### Work required
In the listing below, the lines starting at the line with "Un'area patio con" and ending at the line with "a kitchen with" are to be output verbatim. Images stay out of the copy.

### Data for the task
☆ ☆ ☆ ☆
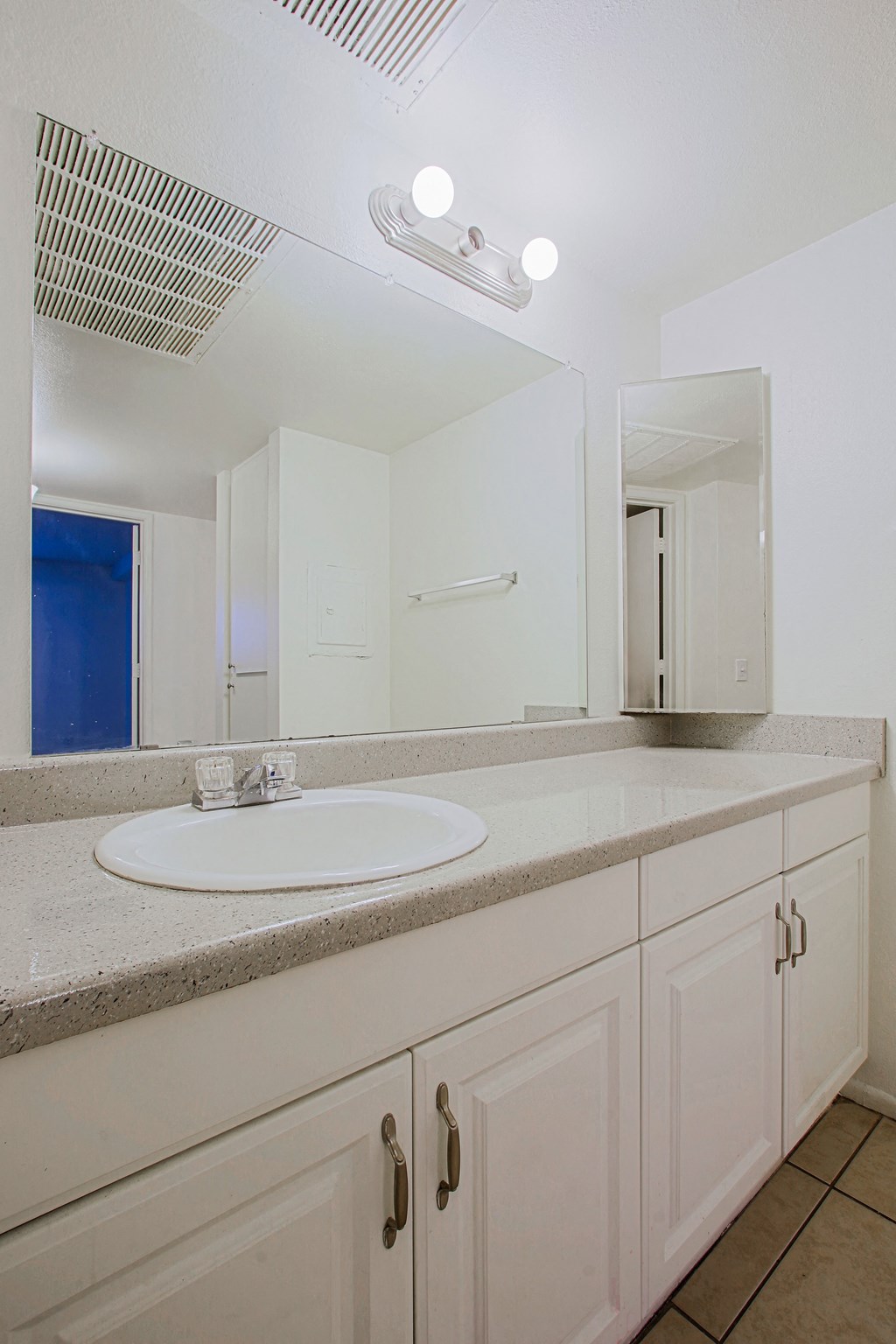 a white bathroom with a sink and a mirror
☆ ☆ ☆ ☆
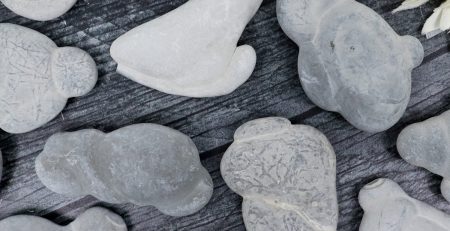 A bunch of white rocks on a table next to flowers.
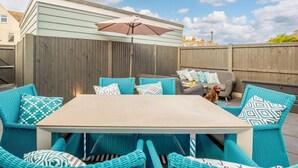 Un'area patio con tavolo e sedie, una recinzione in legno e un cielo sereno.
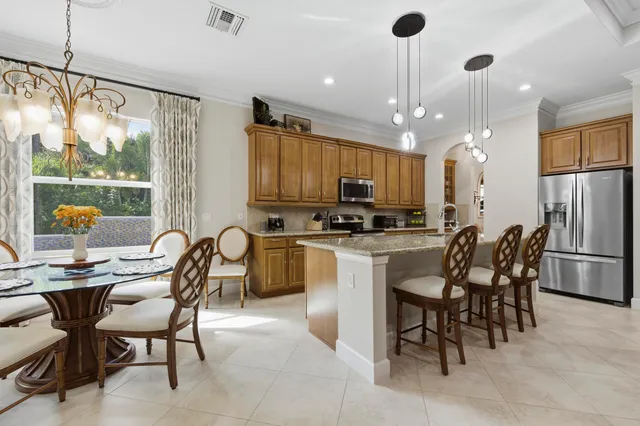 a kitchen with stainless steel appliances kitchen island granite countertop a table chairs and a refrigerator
☆ ☆ ☆ ☆
### Exercise result
 Un'area patio con tavolo e sedie, una recinzione in legno e un cielo sereno.
 a kitchen with stainless steel appliances kitchen island granite countertop a table chairs and a refrigerator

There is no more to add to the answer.